Developing an HIV vaccine has so far proved a deeply challenging task, but there have been some promising results. In 2009, researchers in Thailand published in the Lancet the results of an experimental HIV vaccine, which they said reduced by nearly a third the risk of contracting HIV. Then last year, a study in the New England Journal of Medicine suggested a drug used to treat HIV-positive patients may offer gay and bisexual men some protection against contracting the virus.
But major breakthroughs remain hard to come by. Indeed, the new Nature study comes as a separate paper in The Lancet Infectious Diseases reports on the failure of an HIV vaccine trial in South Africa. The MRKAd5 HIV-1 vaccine was trialled in a study involving 801 patients, and no evidence was found that the vaccine was effective.

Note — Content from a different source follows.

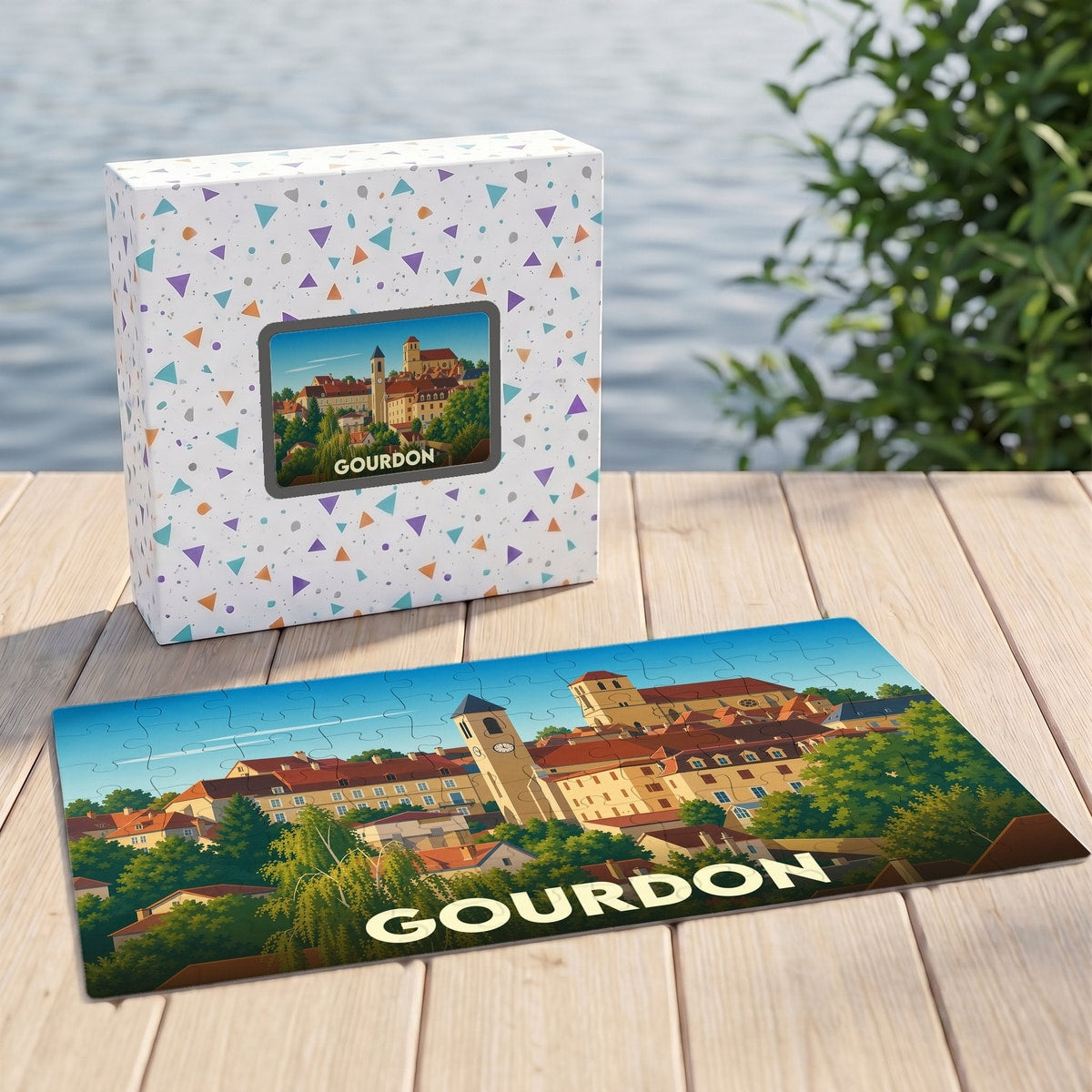 Puzzle souvenir de la ville de Gourdon avec une illustration stylisée de son centre historique.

Early institution of Anti-AIDS drugs protect partners
In yet another study the researchers have made a breakthrough which could slow the AIDS epidemic after finding that giving antiretroviral drugs to people with HIV prevents them infecting their partners.
The study was carried out in 13 countries. Theoretically, if every person infected with HIV was given the drug treatment early and stayed on it consistently, the epidemic could be stopped in its tracks. In 94% of cases, the partners of people with HIV in the global study were protected from the virus.
“This breakthrough is a serious game changer and will drive the prevention revolution forward,” said Michel Sidibé, executive director of the Joint United Nations Programme on HIV/AIDS (UNAIDS). “It makes HIV treatment a new priority prevention option.”
The results will give a massive boost to organisations such as UNAIDS which are arguing, in a time of financial constraint, that there is an urgent need to get Aids drugs to more people who need them. The protection is offered by the same drugs that are used to keep people with HIV well. Some 5 million people around the world are now on the antiretroviral drug combinations, but at least 10 million more need them.
“People living with HIV can now, with dignity and confidence, take additional steps to protect their loved ones from HIV,” said Sidibé. The trial's early results were so conclusive that it was stopped with at least three years still to run. Funded by the US National Institute of Allergy and Infectious Diseases (NIAID), it was carried out in several countries in Africa, as well as the US, India, Thailand and Brazil. It enrolled more than 1,700 couples in which one partner had HIV but the other did not.
“Previous data about the potential value of antiretrovirals in making HIV-infected individuals less infectious to their sexual partners came largely from observational and epidemiological studies,” said Dr Anthony S Fauci, director of the NIAID. “This new finding convincingly demonstrates that treating the infected individual – and doing so sooner rather than later – can have a major impact on reducing HIV transmission.”